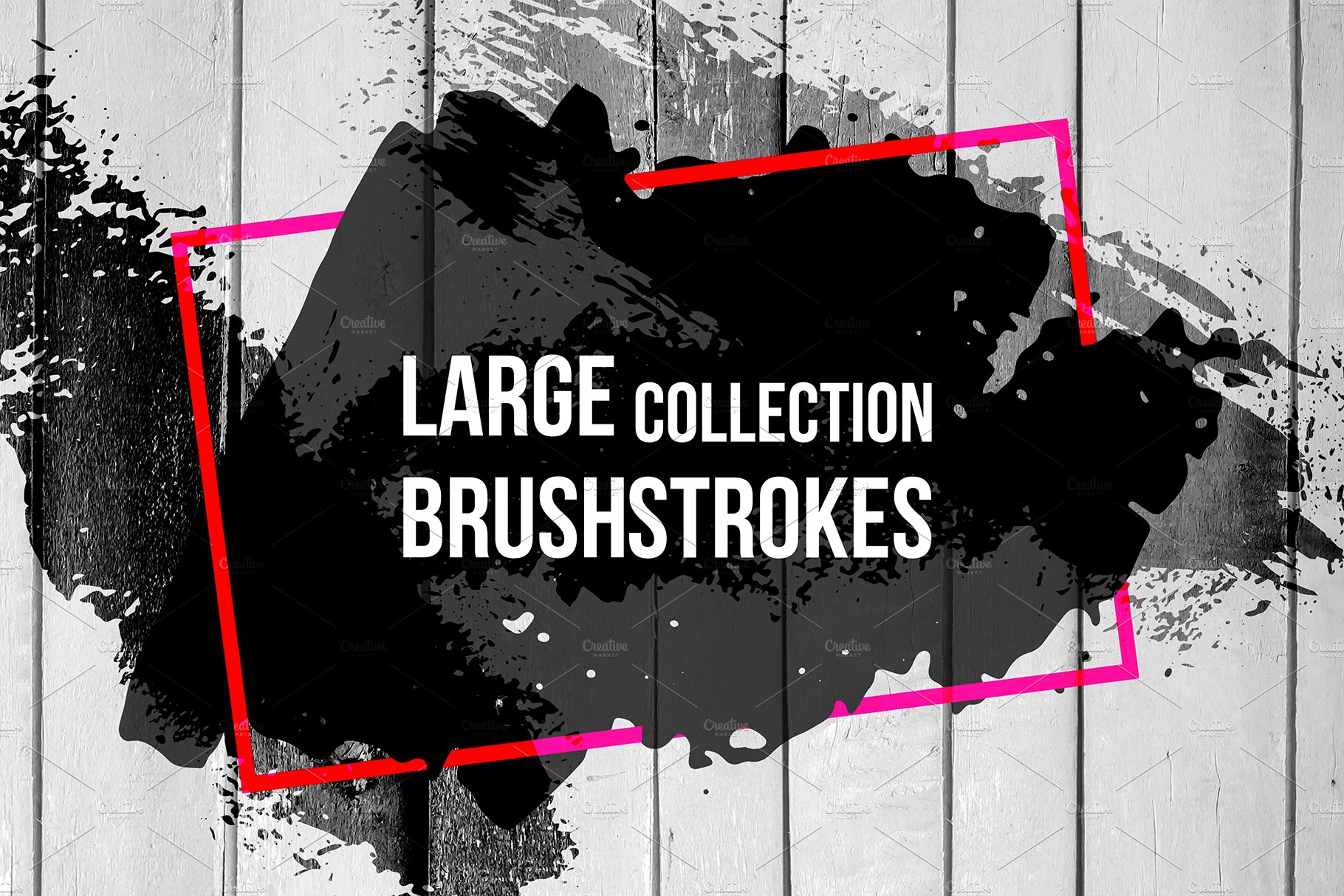 Collection Brushstrokescover image.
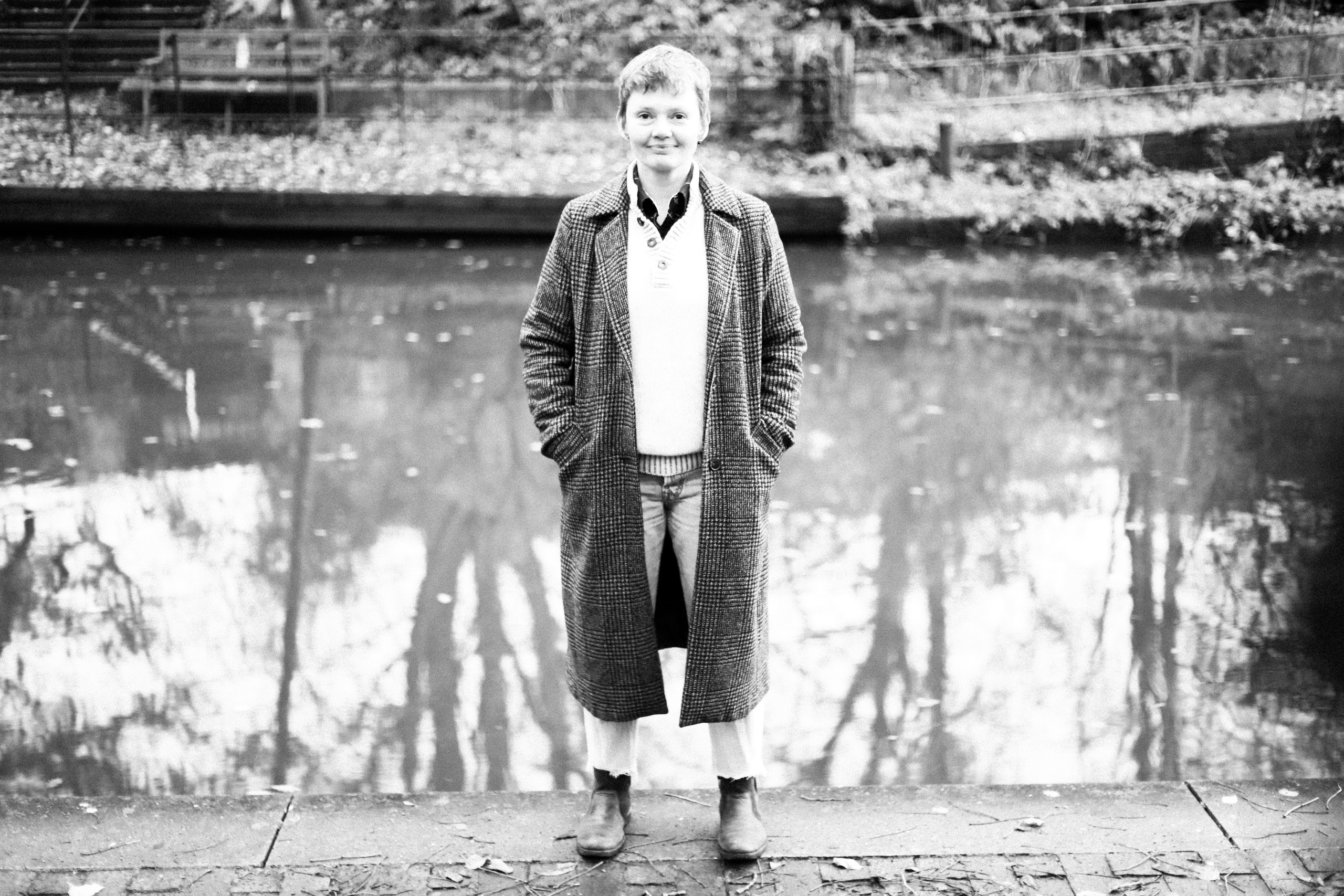 Regents Canal Vi. Виктория Дини. Арт-фотография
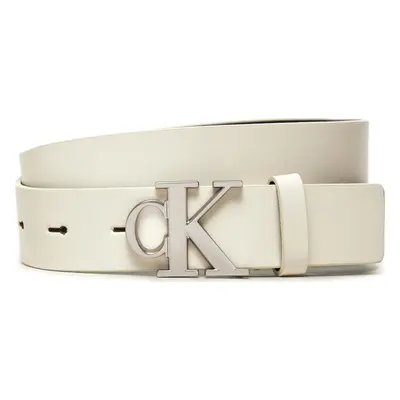 Dámský pásek Calvin Klein K60K612289 Bílá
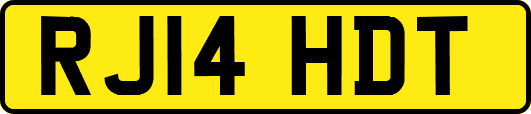 RJ14HDT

----------

**Work order**
The listing above needs to be output again exactly. Don't include the pictures.

**Completed task**
 Collection Brushstrokescover image.
 Regents Canal Vi. Виктория Дини. Арт-фотография
 Dámský pásek Calvin Klein K60K612289 Bílá
 RJ14HDT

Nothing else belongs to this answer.